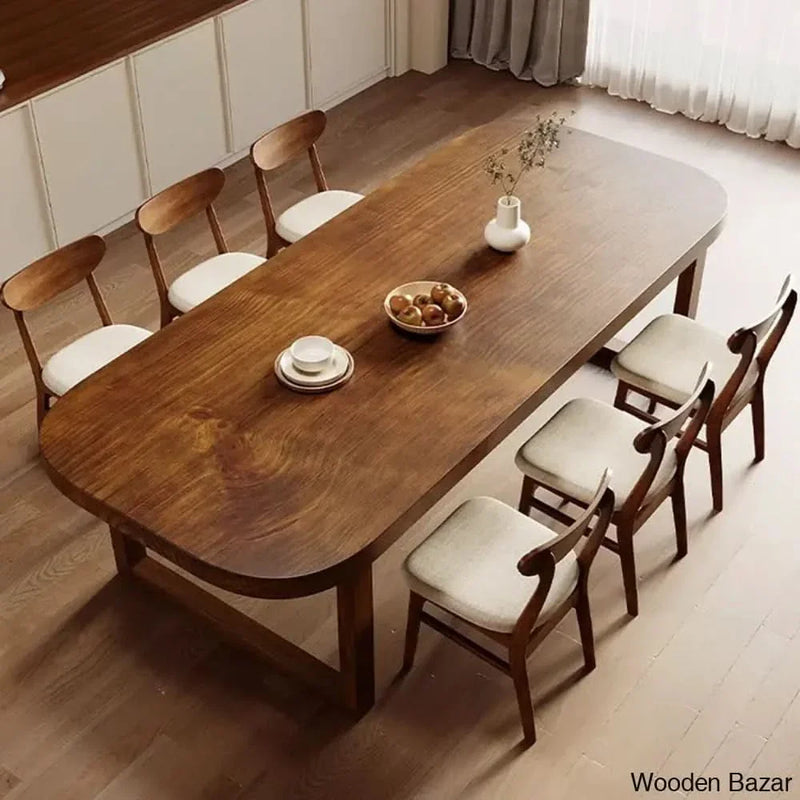 Craft Decor 7 Piece Solid Wood Double Pedestal Dining Set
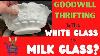 Goodwill Shop Along Thrift With Me Milk Glass Or White Glass What S The Difference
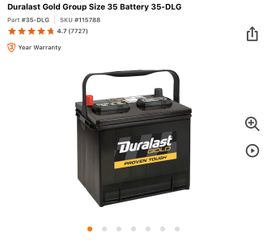 Duralast Gold Group Size 35 Battery 35-DLG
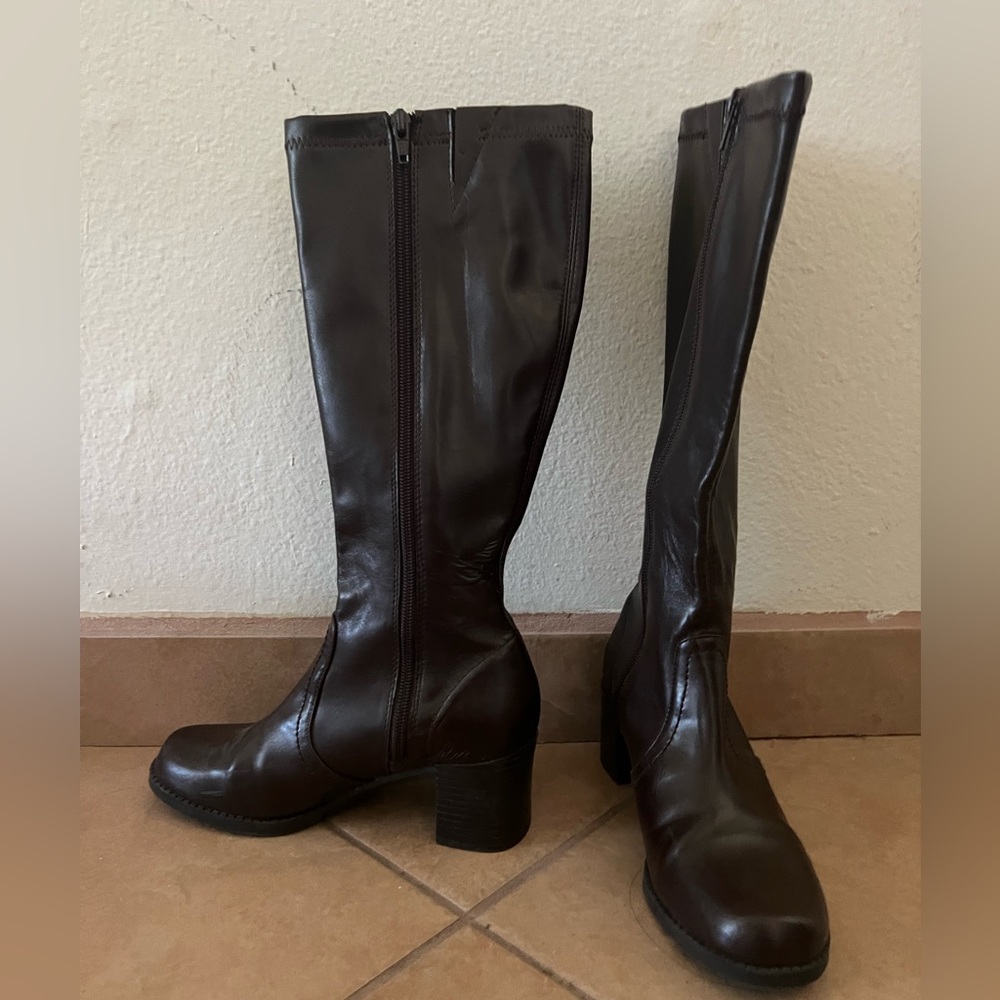 Calf-high boots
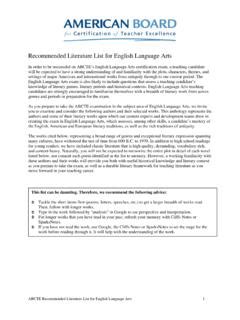 recommended literature list  english recommended literature list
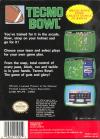 Tecmo Bowl Box Art Back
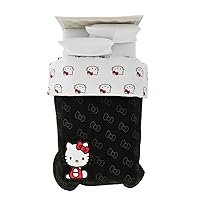 Franco Collectibles Hello Kitty Bedding Super Soft Cozy Microfiber Reversible Comforter, Twin, (Officially Licensed Product)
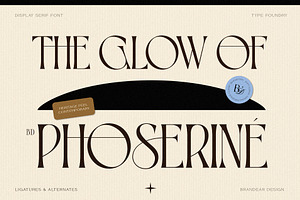 BD PHOSERINÉ | Display Serif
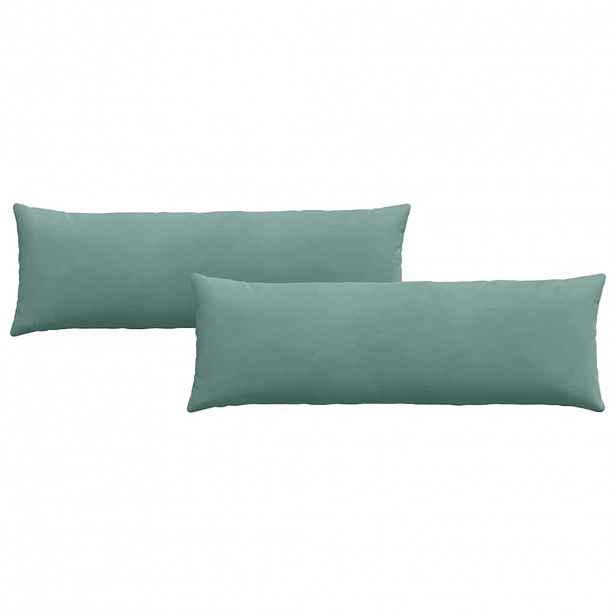 vidaXL Pohovkové polštáře 2 pcs Mořská zelená 120 x 40 cm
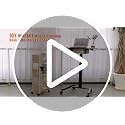 JOY worker 27.5" White Mobile Standing Desk with Drawer – Height adjustable, 360° wheels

——————————

§ **Requirement**:
All of the listing above must be output exactly, except for its pictures.

§ **Reply**:
 Craft Decor 7 Piece Solid Wood Double Pedestal Dining Set
 Goodwill Shop Along Thrift With Me Milk Glass Or White Glass What S The Difference
 Duralast Gold Group Size 35 Battery 35-DLG
 Calf-high boots
 recommended literature list  english recommended literature list
 Tecmo Bowl Box Art Back
 Franco Collectibles Hello Kitty Bedding Super Soft Cozy Microfiber Reversible Comforter, Twin, (Officially Licensed Product)
 BD PHOSERINÉ | Display Serif
 vidaXL Pohovkové polštáře 2 pcs Mořská zelená 120 x 40 cm
 JOY worker 27.5" White Mobile Standing Desk with Drawer – Height adjustable, 360° wheels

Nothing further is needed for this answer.